I am a Ph.D. candidate in the final stages of a Foundations of Education program. I like to read, theorize, surf the web, and watch Japanese animation, so my posts reflect this.

Wednesday, July 2, 2008

When a movement lacks a theory

With the exception of the interruption of graduate school, I've been involved in the youth rights (YR) movement in some capacity since I was a youth myself. It should be noted that the movement has historically focused on negative rights, or civil liberties that would enable youth (of 18, 16, 14, or any age depending on the faction) to legally act in ways older citizens of a certain age are entitled to do. Positive rights of youth to tertiary education, transportation, health care, and the like have had little influence. Considering the anti-welfarist context of our times, and that many YR activists are themselves libertarians and fiscal conservatives, this lack of attention to positive youth rights in the movement overall is unsurprising.

Splits across different factions invariably afflict new social movements trying to find its exact narrative and explanatory theory. What are our origins? How did the world become so corrupt or flawed that it demands we fix it? What is to be done? The YR movement is different in that the splits haven't occurred over narrative or theory. It has neither.

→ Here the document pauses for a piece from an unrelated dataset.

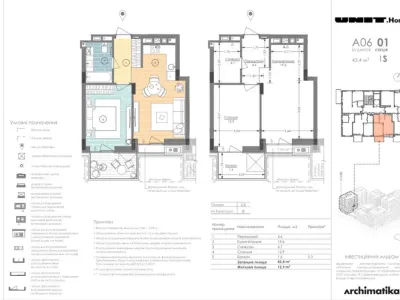 Продам однокімнатну квартиру Жк Unit Home, фото 2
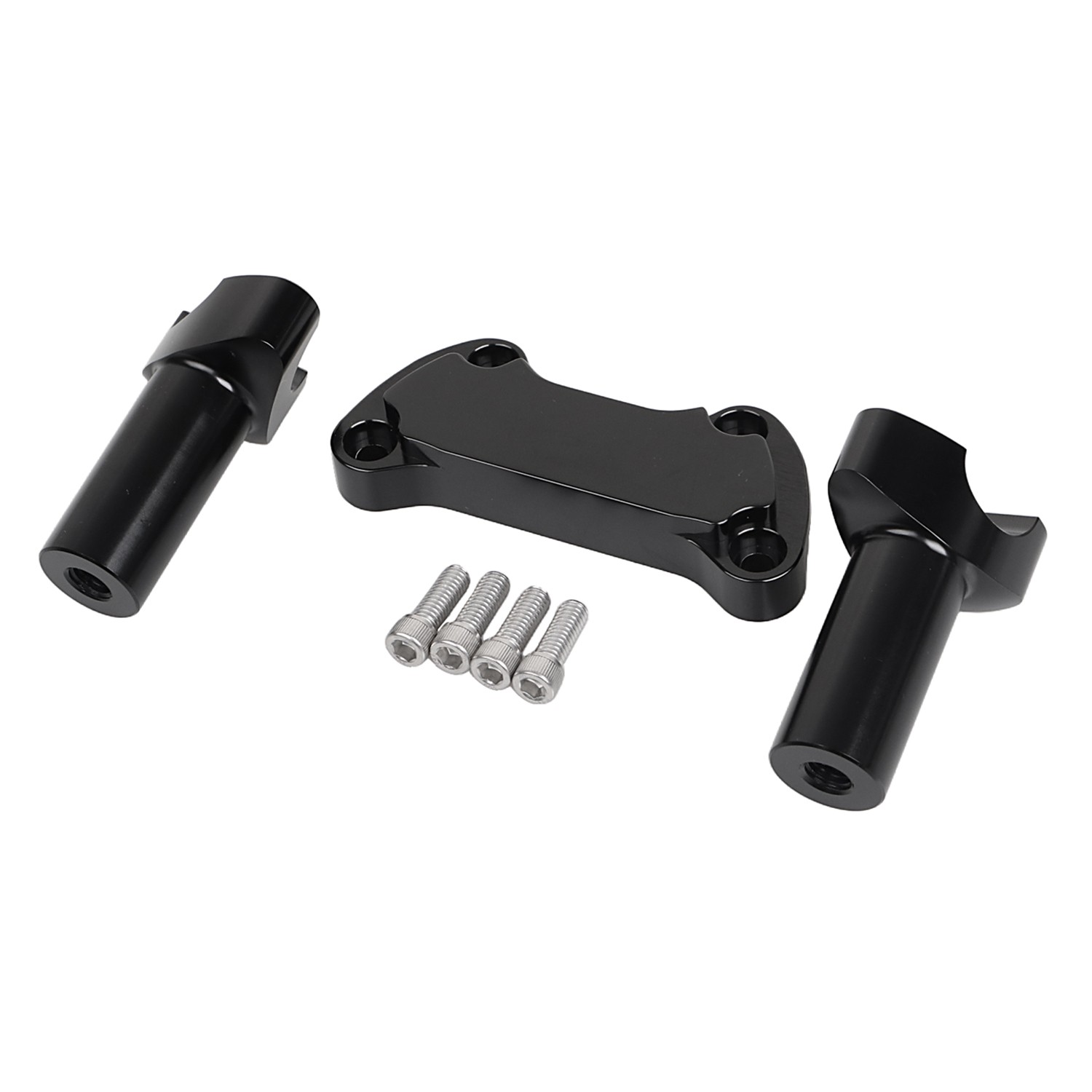 3.5" Straight Handlebar Riser Top Clamp For Harley Dyna Night Train Super Glide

The YR movement has aligned itself with the classical liberalism of Locke and Mill and struggles to convincingly extend this school of thought to the issue of civil liberties of those under 21, 18, 16, or lower. However, the construct of youth is not theorized as a manifestation of institutionalized oppression and invisible privilege. The social libertarian thinkers of the 1970s that the YR movement relies on, much less the philosophes and Enlightenment scholars never got that far. Consequently, these arguments will remain unconvincing to potential supporters still wedded to this construct's hegemony. Mike Males has done a admirable job of tying the current abysmal state of YR with adult privilege and scapegoating by safety activists in need of patronage. However, he leaves the matter of how the YR movement itself is to respond to these conditions for us to address.

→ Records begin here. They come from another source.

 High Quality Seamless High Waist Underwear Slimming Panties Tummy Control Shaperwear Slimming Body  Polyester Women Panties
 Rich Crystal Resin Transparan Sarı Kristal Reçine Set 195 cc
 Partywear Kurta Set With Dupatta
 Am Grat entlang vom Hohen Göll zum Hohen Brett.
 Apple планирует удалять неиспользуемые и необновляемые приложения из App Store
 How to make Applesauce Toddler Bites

So without a narrative or a theory, the splits in YR have occurred largely over marketing classical liberalism for Gen X, and later Gen Y. There's little doubt that the movement as a whole would like to see age restrictions junked entirely on principle. In an age of hysteria over sexual predators and teen alcoholism, this won't sell. We discovered this the hard way in the 1990s when ASFAR (Americans For a Society Free from Age Restrictions - just what it sounds like) became little more than a fringe novelty group on Web 1.0. The National Youth Rights Association (NYRA) created itself from the split - not over who we are, but how radical were we going to be over expressing what we really want. Instead of reflecting on who we were within the context of power, culture, and history, we stood for who we were not; namely pedophiles and teenagers looking for a buzz that anonymous critics on message boards accused us of being. Hence NYRA's current half-hearted support for lower age restrictions on more socially congenial issues like voting and free speech as a matter of political expediency.

In short, the YR movement has found itself in relative paralysis because it only reacts to the hegemonic construct of youth. There's no theorizing, reflecting upon, and directly undermining that construct with a narrative. Beyond being "the last civil rights movement" in a post-civil rights era, where does YR fit in that grand scheme? Movements for advancing the interests of women and people of color didn't simply say, "We are equal." They realized many of the reasons why the yoke of inequity was so short, tight, and all-encompassing for so long. This took an enormous project of inquiry and fortitude to not be defined by those holding the yoke.

Commonsensical appeals to the extension of civil liberties for youth aren't doing the job, because the current "common sense" isn't on the side of YR supporters. Rather, the YR movement has to look beyond Locke and Mill and to a whole new world of critical theories to paint a more systematic story that explains why youth in the U.S. face some of the strictest laws in the developed world. This requires a long and hard look at what "youth" and "adult" have meant, what they mean now, and a willingness to allow the intersecting dynamics of political economy, race, gender, religion, and dare I suggest, sexuality and the body to inform these categories.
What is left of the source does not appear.